[DATA SECTION — start]
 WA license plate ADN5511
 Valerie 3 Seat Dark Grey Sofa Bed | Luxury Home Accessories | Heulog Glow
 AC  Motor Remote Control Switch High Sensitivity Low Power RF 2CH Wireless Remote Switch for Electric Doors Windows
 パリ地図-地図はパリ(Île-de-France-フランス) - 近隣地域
[DATA SECTION — finish]
[DATA SECTION — start]
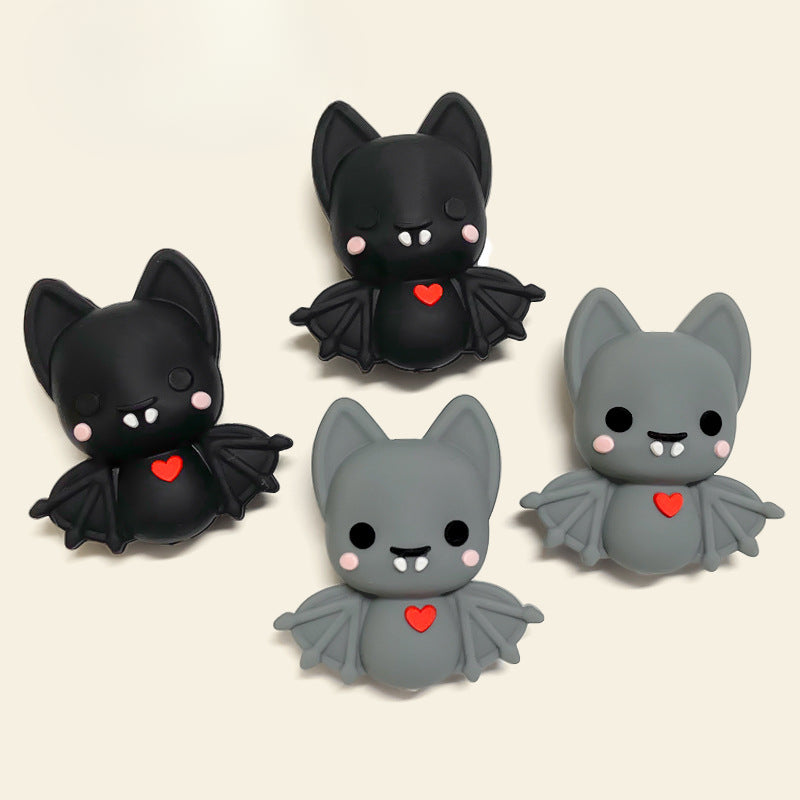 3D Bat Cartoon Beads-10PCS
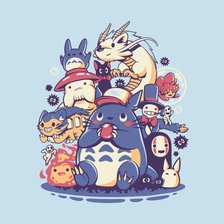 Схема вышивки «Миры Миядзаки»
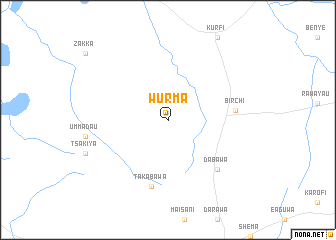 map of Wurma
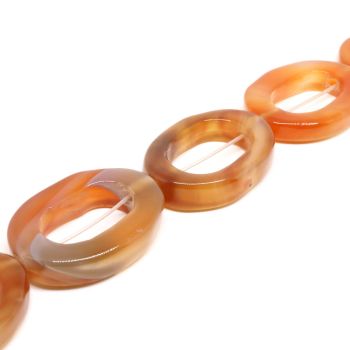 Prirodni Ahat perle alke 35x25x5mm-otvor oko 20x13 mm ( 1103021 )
[DATA SECTION — finish]
→ **PROBLEM DETAILS**
The lines above from the one containing "WA license plate ADN5511" through the one containing "パリ地図-地図はパリ(Île-de-France-フランス) - 近隣地域" are to be set down exactly, and no others.

→ **RESPONSE TO THIS TASK**
 WA license plate ADN5511
 Valerie 3 Seat Dark Grey Sofa Bed | Luxury Home Accessories | Heulog Glow
 AC  Motor Remote Control Switch High Sensitivity Low Power RF 2CH Wireless Remote Switch for Electric Doors Windows
 パリ地図-地図はパリ(Île-de-France-フランス) - 近隣地域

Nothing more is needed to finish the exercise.